Saygı duruşunun ardından konuşmasını yapmak üzere Antakya Demokratik Kültür-Sanat Derneği Başkanı Mehmet GÜZEL'i konuşma yapmak üzere davet etti. Mehmet GÜZEL konuşmasına Hrant Dink ile Vakıflı köyü muhtarı Berç Kartun arasında geçmiş olan bir telefon konuşmasını anımsatarak başladı: "Sevgili Hrant yoldaşımız Berç Kartun ile yaptığı telefon konuşmasında 'portakalların çiçek açma zamanında Vakıflı'ya gelip boğma rakınızı içeceğim!' demişti. Ama derin devletin karanlık güçleripoprtakalların çiçek açmasına fırsat bırakmadan Hrant'ı katlettiler.
"Bu topraklar hep kanla sulanmıştır. Tarihler boyunca halklarımız hep katliamlara maruz kalmıştır. Osmanlı tarihi boyunca hep katliamlar yapılmıştır. Yavuz Sultan Selim zamanında Alevi halkımız kılıçtan geçirilmiş, dereler alevi halkın kanlarıyla akmıştır. Bu yüzyılın başlarında da Ermeni halkımız katliamlara maruz kalmış ve geri kalanlar göçertilmiştir. Cumhuriyetimizin tarihi boyunca da Dersim, Ağrı, Çorum, Malatya ve Maraş katliamları tarihin kara lekeleri olarak hafızalarımızdadır. Bu katliamlar kesilmemiş, devam etmiştir. Yakın geçmişte Sivas katliamı, Malatya'da yayınevi çalışanı Hıristyanların boğazlanması bu sürecin devam ettiğinin göstergeleridir.Hrant Dink'in katledilmesi, devlet kontrolundaki karanlık güçlerin aydınlığa ve insanlığa karşı katliam zihniyetinin devam ettiğinin göstergesidir.
"Osmanlının katliam zihniyetinin devamcıları olan karanlık güçler insanlığa vur emri çıkartmışlar. Nerede görülürse vurulacaktır! İnsanlığı Hrant'ta gördüler ve oracıkta vurdular; daha önceki niceleri gibi. Bizler de karanlığa vur emri çıkarttık! Karanlık nerede görülürse -ki her yanımız karanlık- oracıkta ışıkla vurulacaktır!

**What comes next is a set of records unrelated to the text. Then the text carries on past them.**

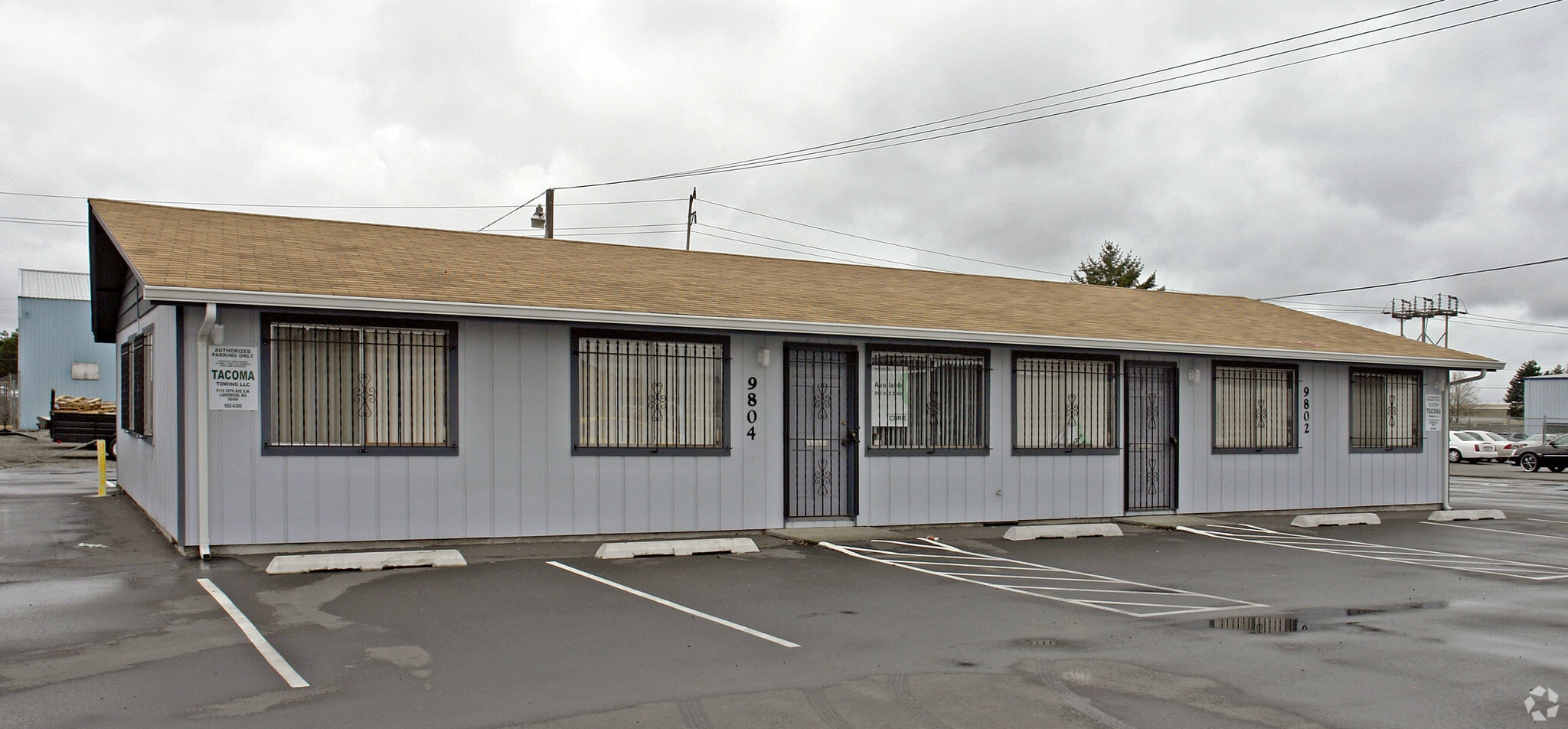 LAKEWOOD INVESTMENT  ASSEMBLAGE portfolio of 3 properties for sale on LoopNet.ca Primary Photo- Image 1 of 4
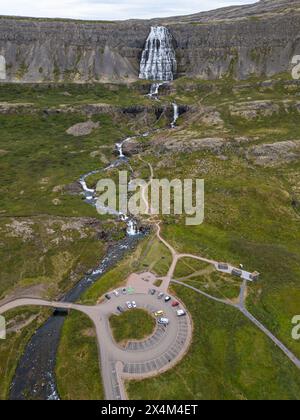 Cascade Dynjandi à Arnarfjordur dans l'ouest de l'Islande Banque D'Images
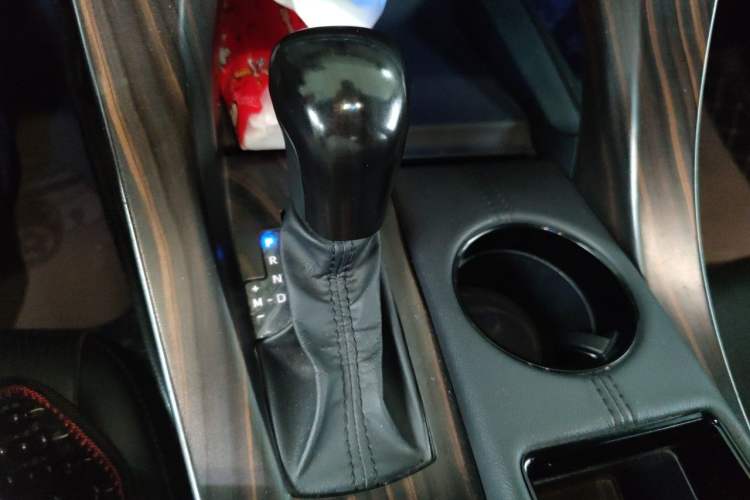 Used Toyota Avalon 2019 2.0L XLE Premium Edition China VI Gear Lever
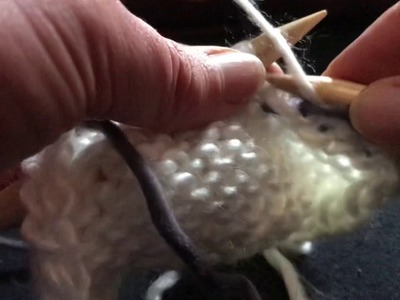 Glatt rechts stricken, Kontrastfarbe einweben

"Hrant Dink Türkiye Barış Meclisi'nin kurucularından biridir. Onun kurucularından biri olduğu Türkiye Barış Meclisinde çalışan yoldaşlarından biri olmaktan büyük onur duyuyorum. Antakya Demokratik Kültür-Sanat Derneği olarak ülkemizin demokratikleşmesi ve halklarımızın özgürleşmesi mücadelesini kararlıca yürütüyoruz. Hrant'ın mücadelesi budur ve bizler de bu mirasa sahip çıkarak onun mücadelesini yürütüyoruz. Tüm engellere, baskılara, katliamlara rağmen ülkemizin demokratikleşmesi ve halklarımızın özgürleşmesi mücadelemizden taviz vermeyeceğiz. Ta ki şairin dediği gibi; "yeryüzü aşkın yüzü oluncaya dek!" Hrant bu mücadelede yaşamaktadır." Dedi.
Mehmet GÜZEL'in konuşmasının ardından kentimizin şairlerinden Mustafa Söylemez ve Bedran Cabiroğlu şiir okumak üzere davet edildiler. Şairler, Vakıflı Köyü, Hrant Dink ve özgürlük mücadelesi üzerine kendi şiirlerini okudular.
Ardından kadınlar Hrant'ın özgürlük ve barış özlemini temsil eden beyaz güvercinler uçurdular.
Vakıflı halkının son derece sıcak ev sahipliğinde gerçekleşen anma sonrası sohbetler yapıldı. Köy halkı konuklara ikramlarda bulundu.
Anma sonrası konuklar sevgiyle uğurlandı.
8 araçla Vakıflı Köyüne gelen Demokratik Kültür Sanat Derneği taraftarı 50 kişilik grup Muhtar Berç Kartun ve köy halkı tarafından karşılandı. Kiliseye geçip Hrant Dink anısına mum yakan kalabalık daha sonra köy meydanına geçerek anma etkinliğine başladı.
Atak dergisi çalışanı Nazlı GÜZEL açış konuşmasında Hrant Dink'in kardeşliğin, barışın ve özgürlük mücadelesinin temsilcisi olduğunu, Vakıflı'nın katliamlardan ve göç ettirmelerden arta kalan tek Ermeni köyü olmasından dolayı Hrant Dink anmasını Vakıflı'da yapmayı tercih ettiklerini, halkların kültürleri, dilleri ve kimlikleriyle özgürce yaşamaları gerektiğini, bunun için ülkemizin demokratikleştirilmesi gerektiğini, bunun da mücadele gerektirdiğini ifade etti ve topluluğu Hrant Dink şahsında tüm devrim ve demokrasi mücadelesinde ölenler adına saygı duruşuna davet etti.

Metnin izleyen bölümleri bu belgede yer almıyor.